Published: Monday, 26 August 2019 17:31
Written by Don Goulding
I no longer call you slaves, because the slave does not understand what his master is doing. But I have called you friends, because I have revealed to you everything I heard from my Father. (John 15:15)
During the Christmas break of my junior year of high school, my family moved to a new town. I walked across the school quad at lunchtime like a salmon making a last exhausted run at the waterfall. I had already passed several times through the clique gauntlet. If I didn’t find a group to sit with on this pass, I’d be swept down the friendless teen river.
I believed in Jesus, but I didn’t know how to be friends with someone I couldn’t see. Then we found ourselves on the same team in life’s tug-of-war. When you have a friend from a different social class you eventually see past the differences. After several years, I forgot Jesus was invisible to me.

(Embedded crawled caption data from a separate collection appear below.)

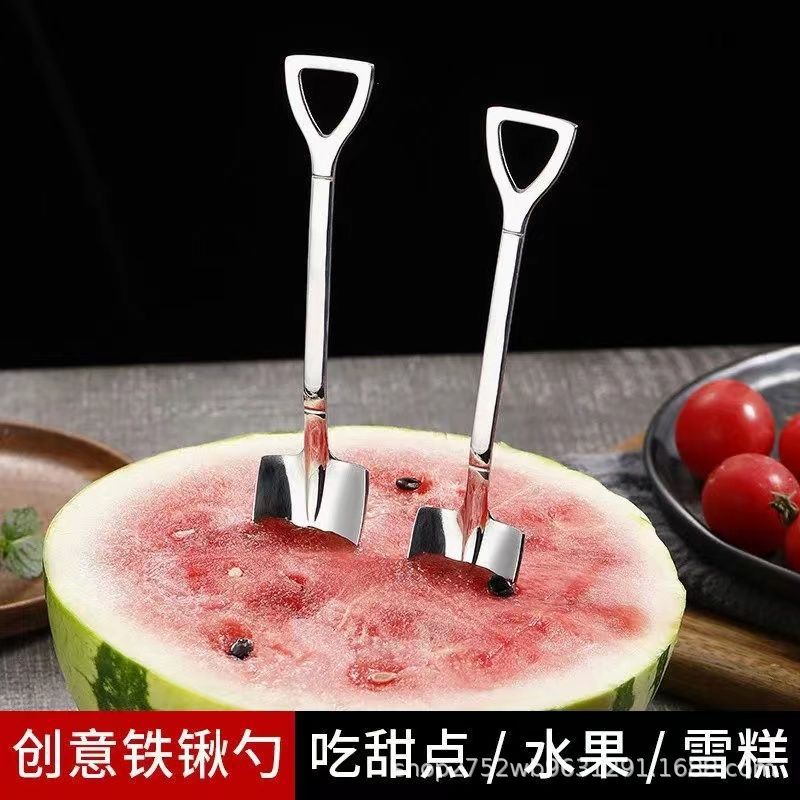 Watermelon spoon factory wholesale creative spoon ice cream spoon vintage shovel spoon stainless steel watermelon spoon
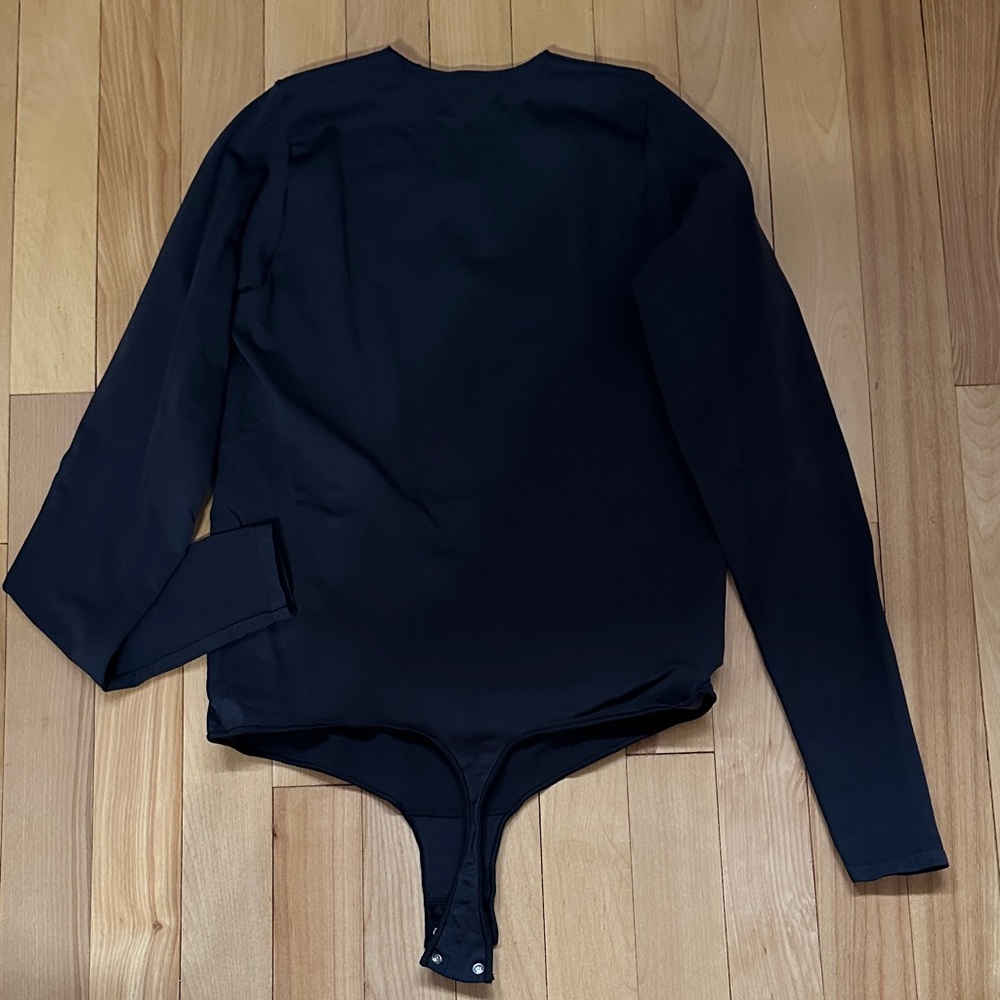 SKIMS Black Long Sleeve Bodysuit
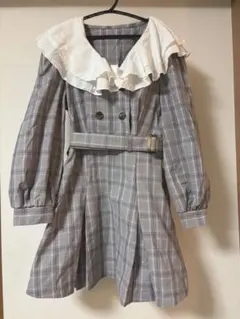 ワンピース ガーリー グレー 長袖 膝丈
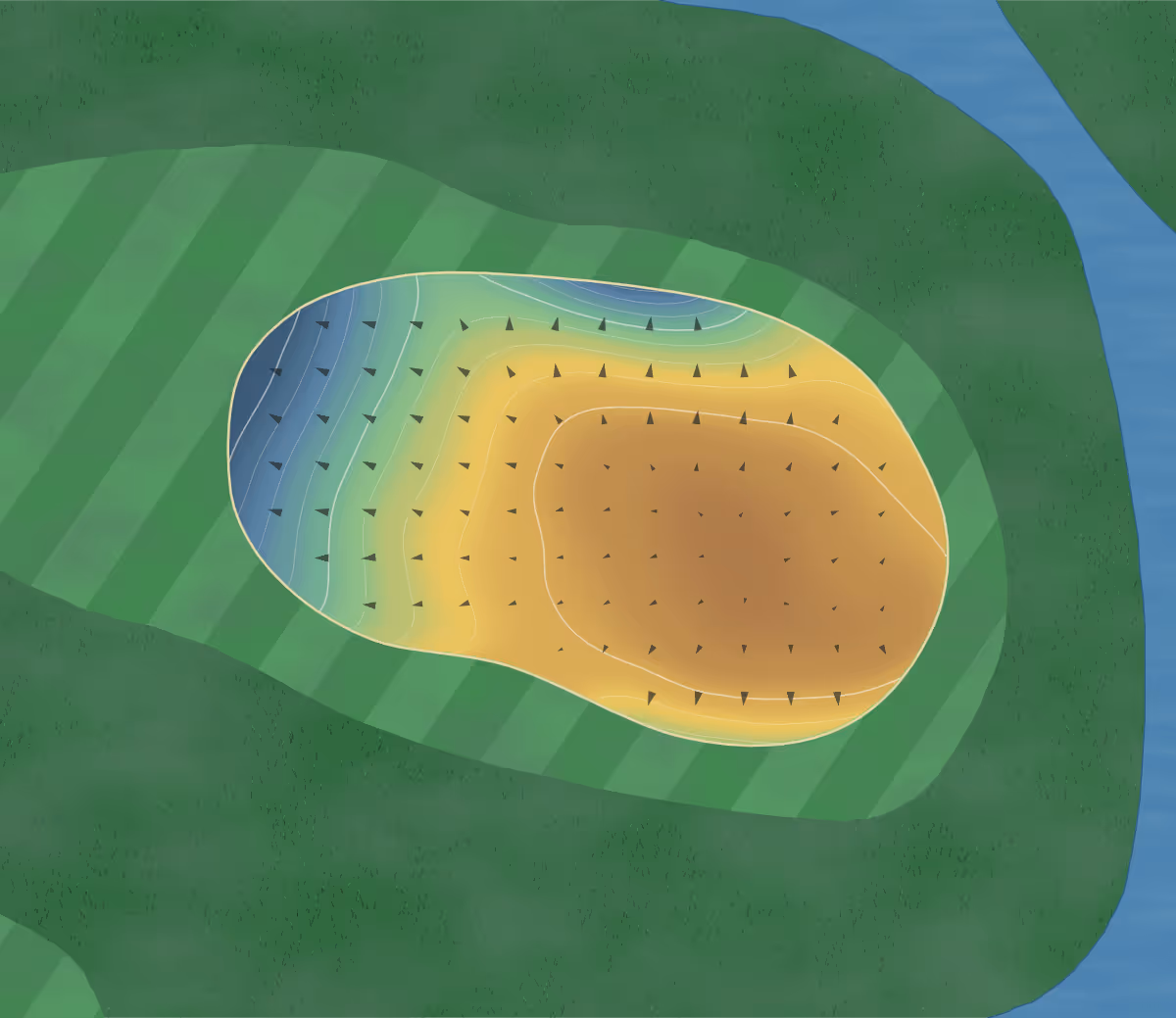 Green contour map of Barnyard 9 in Prairie du Chien, Florida: 64 elevation contours at a 3-inch interval with fall-line arrows, traced from 1-meter lidar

How cool is it that the Creator of the universe is my inseparable pal? I finally have a soulmate who understands my dysfunction and still loves me. He doesn’t blindly accept whatever I say or do. He challenges me, rigorously, and I accept his correction because he always has my best in mind.
I could be intimidated in Jesus’s presence, what with him being Jehovah God and all. But I know he too was tempted and he questioned our Father’s will. He understands weakness and so coming to him is as comfortable as pulling on a favorite sweatshirt.
No mortal can complete me. I have to stop expecting the impossible from humans who are as flawed as I am. Jesus is the only soulmate who truly gets me, is always ready to hang out, and never pushes too much or too little. Yes, he’s still invisible, but so much more present than anyone.
I only wish I had known in high school what I know today.
Prayer: Jesus, my best friend, you make me whole.
Published: Monday, 19 August 2019 18:20
Written by Don Goulding
Watch out for false prophets, who come to you in sheepʼs clothing but inwardly are voracious wolves. (Matthew 7:15)
Yellow eyed wolves stalked a flock of sheep, measuring each animal’s weaknesses. Converging on their chosen victim, they made a show of curling their lips and growling just out of reach of the ram’s lowered horns. It was a ploy of distraction. The real killer stealthily crept behind, pounced on the haunches, and pulled the sheep down.
I met a sweet, gray haired grandmother who practiced the blackest of treacheries. Her victim was a dear friend of mine named Ann. Near the end of life, Ann became a follower of Christ. This supposed friend tried to drag sister Ann into heresy. She was sly. She never mentioned Satan or spoke against Jesus but painted him as one of many friendly spirits they could call upon. With candles, crystals and chants she invoked her spirit guides. This was a faith wolf.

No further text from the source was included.